¡Ya están aquí los Juegos Olímpicos!

Más alto. Más lejos. Más fuerte. Ni más ni menos. Los fanáticos del deporte están de enhorabuena porque ya asoman en el horizonte los Juegos Olímpicos de Río de Janeiro 2016 o, como se conocen de manera oficial, los Juegos de la XXXI Olimpiada. Y eso, siempre, son palabras mayores.

Porque unos Juegos Olímpicos es algo que va más allá del deporte. Es sentarte delante de tu televisor a disfrutar y sufrir con disciplinas deportivas que nunca antes habías escuchado. Es vivir como tuyas las medallas de tu país en tiro con arco, vela o hípica. Es descubrirte siendo un entendido temporal de esgrima o conocer las diferencias entre la gimnasia rítmica y la artística. Al menos por unos días…

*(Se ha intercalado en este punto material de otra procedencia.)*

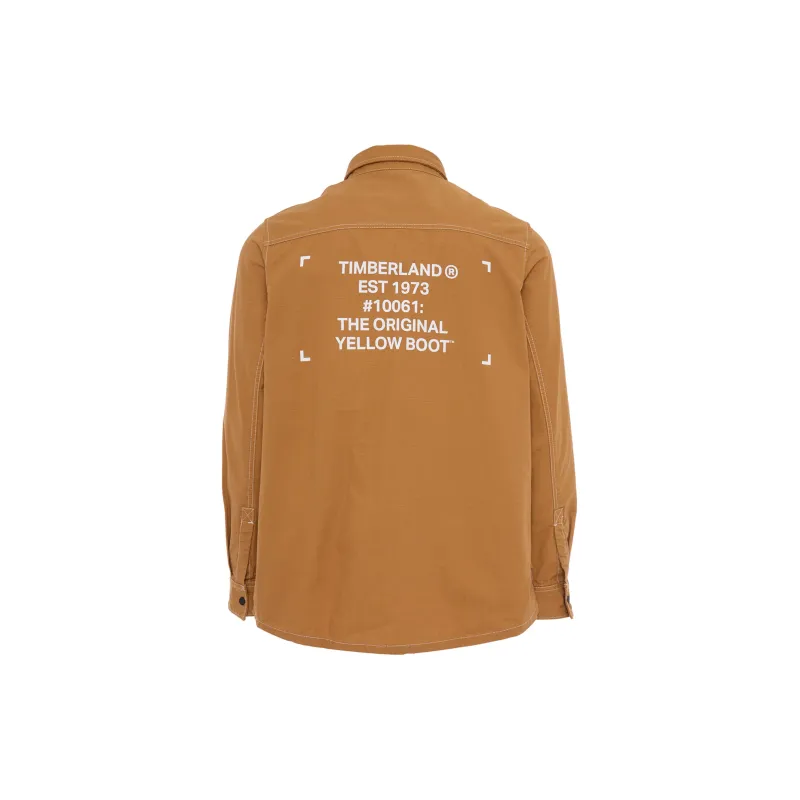 Timberland Shirts Men Wheat-2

Quizá lo más importante de unos Juegos Olímpicos sea precisamente eso: sacar a la luz deportes muy minoritarios y grandes deportistas desconocidos para el gran público. Son, probablemente, los únicos 15 días en los que waterpolo, voleibol o atletismo podrán estar por delante del fútbol informativamente hablando. Y eso, en un país como el nuestro, puede catalogarse como un milagro.

Y en Río de Janeiro se juntarán casi 11.000 deportistas de todo el planeta para competir en 306 eventos de 28 deportes entre los días 5 y 21 de agosto. Serán los primeros juegos en América del Sur y, probablemente por ello, serán mirados con lupa. Las dudas que hay con la organización no las habría si los Juegos Olímpicos se celebraran en Washington, París o Berlín. Ni muchísimo menos.

Ya habrá tiempo de hablar de instalaciones, problemas y demás en las próximas semanas. Este editorial va para el deporte. Va para los Juegos. Son líneas soñando con rememorar aquella galopada mítica de Fermín Cacho hacia el oro. Letras que salen de recuerdos alucinantes al disfrutar del Dream Team. Palabras que han crecido con las gestas de Thorpe o Phelps. Recuerdos olímpicos basados en ver a Michael Johnson volar en un lejano verano de 1996 en Atlanta.

¿Y Río 2016? Pues quitando todo lo que tenga que ver con Rusia, el zika y las polémicas, estamos ante unos juegos que se presentan absolutamente espectaculares. Ni siquiera la oscura sombra del dopaje puede eclipsar a un evento que, al margen del marketing, sigue acudiendo a la esencia misma del deporte para enganchar al público.

Las grandes gestas deportivas siempre emocionan. Y si encima suceden en el marco de los Juegos Olímpicos siempre serán recordadas. Por muchos años que pasen nadie olvidará a Jesse Owen, Nadia Comaneci, Carl Lewis, Sebastian Coe, Mark Spitz, Abebe Bikila, etc. Sus nombres y sus hazañas siempre estará ligados a los aros olímpicos.

Todos estas leyendas tendrá relevo ahora en Río. Nuevos nombres se inscribirán con letras de oro en la historia olímpica y nuevas historias serán contadas por los cronistas y recordadas por generaciones. Es la magia de los Juegos Olímpico. Y los ojos de todo el mundo, incluidos los de Murray Magazine, estarán puestos sobre un hombre que ya es leyenda pero que puede ser único: Usain Bolt.

Ahora toca esperar al emocionante momento del encendido del pebetero olímpico cuando la llama llegue al estadio tras un largo viaje. Antorcha a antorcha, el fuego ha ido avivando las ilusiones y las esperanzas de miles de atletas que llegarán a Río con un gran sueño: subir a lo más alto del podio y colgarse a su cuello un oro olímpico que les acompañará para el resto de sus vidas.